Here, \theta_t is a quantity computed in the current timestep.

Similarly,

  1. dW is computed based on the current mini-batch and
  2. v_{dW} is the value so far i.e. excluding the current mini-batch.

The update equation for v_{dW} after processing the current mini-batch becomes:
v_{dW} = \beta v_{dW} + (1 - \beta) dW

Hi @balaji.ambresh, thanks for your reply. What you explain here is exactly what I thought initially but then in the ‘Optimization Methods’ assignment, ‘update_parameters_with_momentum’ function, I’ve got all tests passed using:

for l in range(1, L + 1):
v[“dW” + str(l)] = … * v[“dW” + str(l)] + … (including the minimum possible to adhere to the rules while being able to explain myself)

In this case I am using vdW1 = … * vdW1 + …

I believe that here the existing vdW1 used as input includes the current mini-batch, isn’t this the case?

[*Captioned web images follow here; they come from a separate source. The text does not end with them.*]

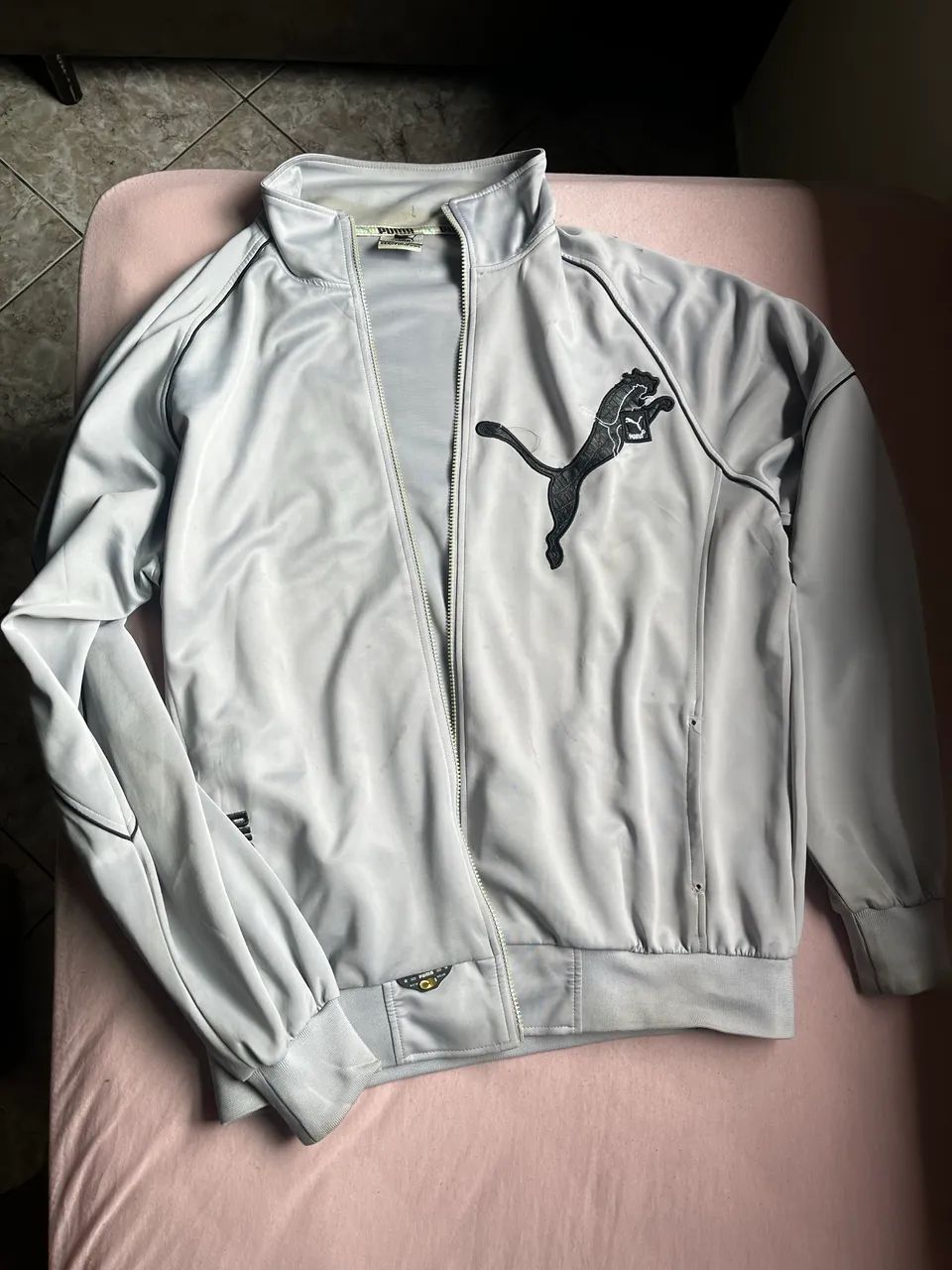 Moletom puma vintage original 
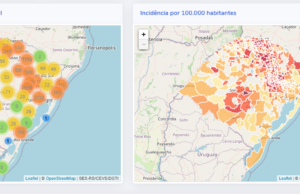 RS alcança topo de ranking de transparência de dados sobre a Covid-19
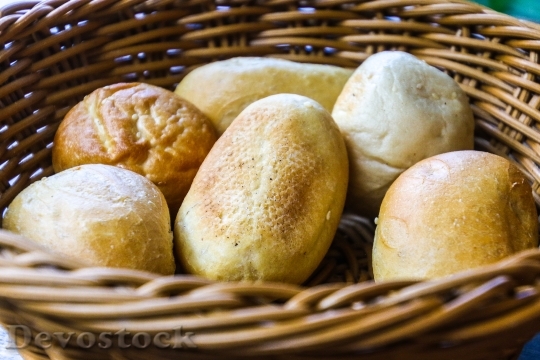 Devostock Bread Food Basket 118917 4K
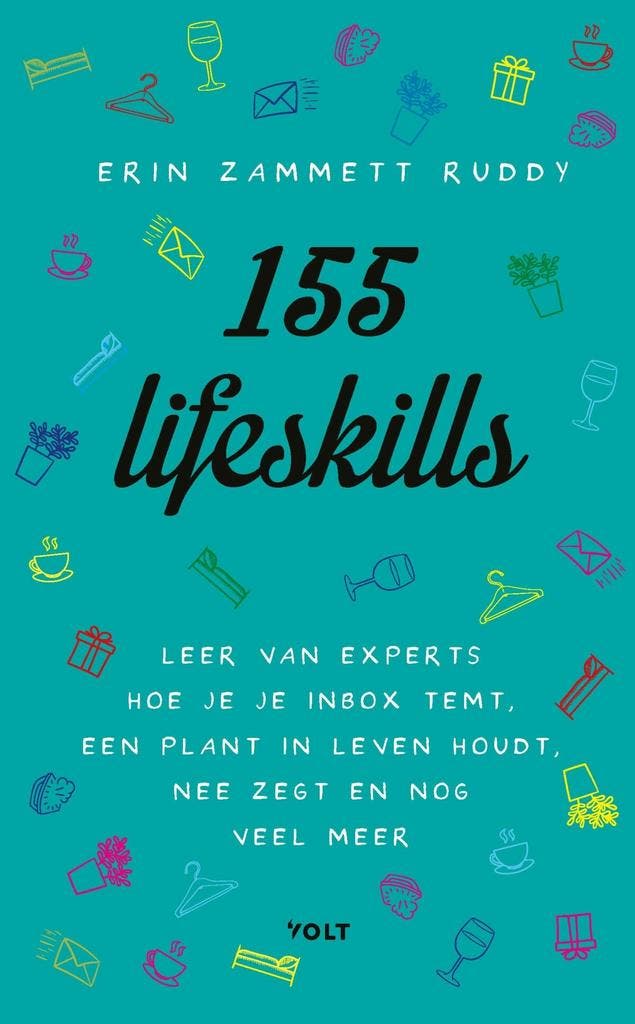 155 lifeskills (9789021423562, Erin Zammett Ruddy), Boeken, Psychologie, Nieuw, Verzenden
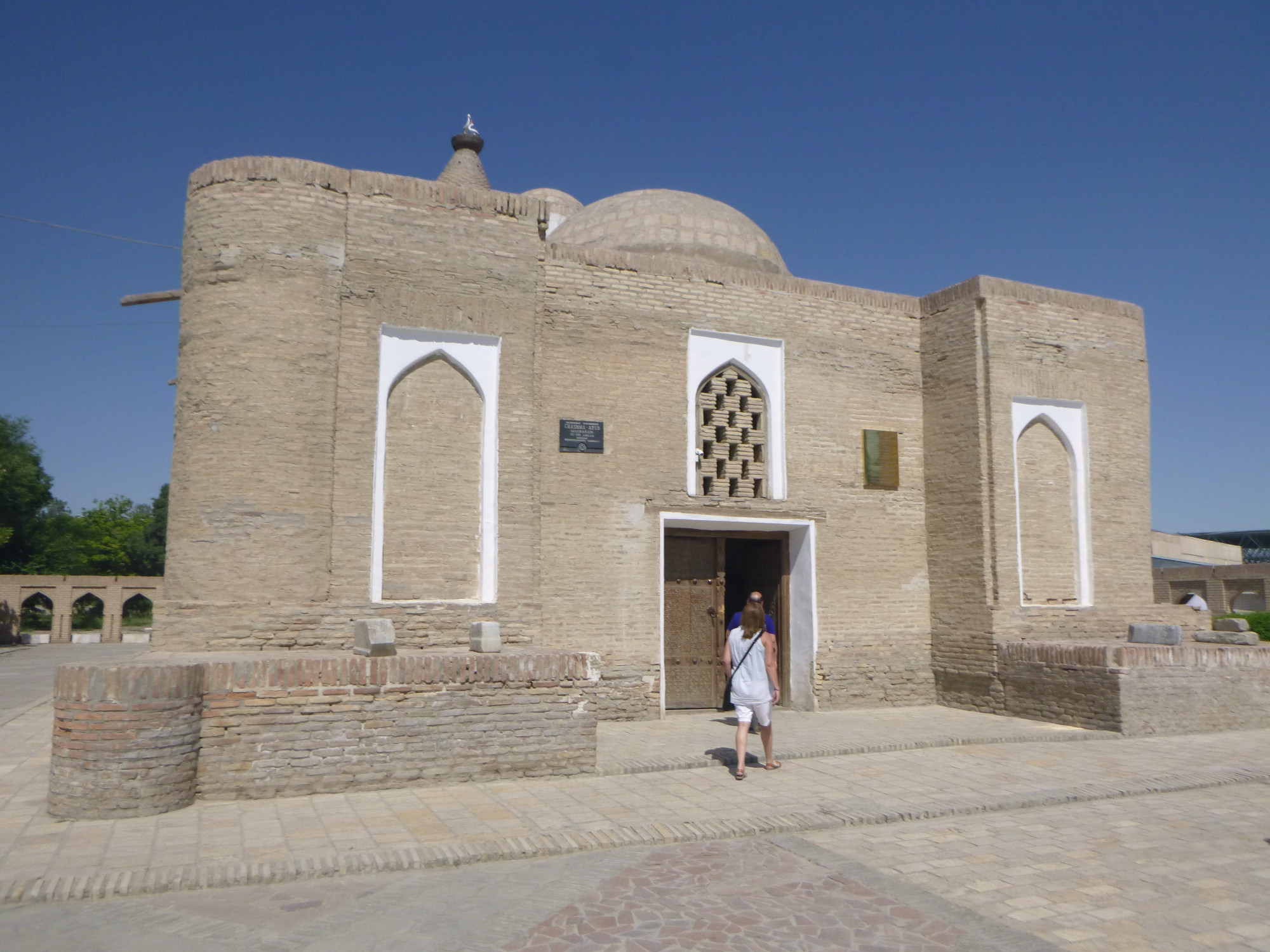 Chashmai Ayub Mausoleum, Узбекистан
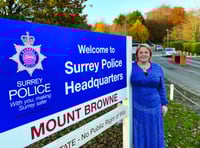 Woking police station to remain open for now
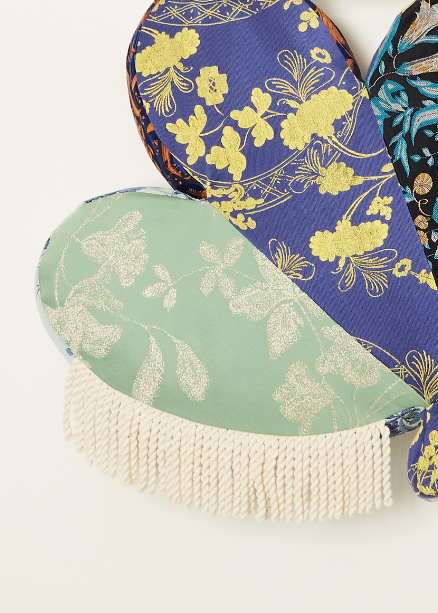 Wiener times - WW Cushion Belflower oriental cascet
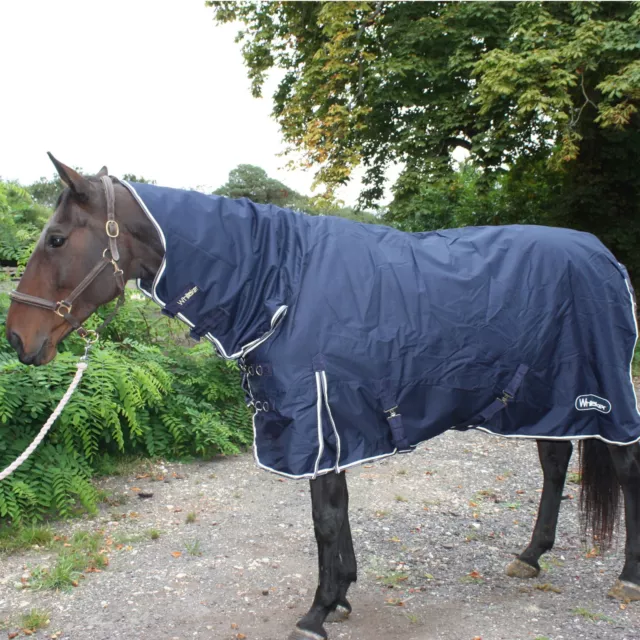 John Whitaker Thirsk 200G Medium Weight Combo Turnout Rug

Your understanding of exponential smoothing is correct.

But. there’s a difference between timestep and layer number. I recommend going moving forward with rest of the exercises, all the way upto and including def model. It’ll help reinforce the following facts:

  1. Gradients are computed based on the current mini-batch
  2. How difference in time comes into play for v is on the right side (past) vs left side (current) of the equations.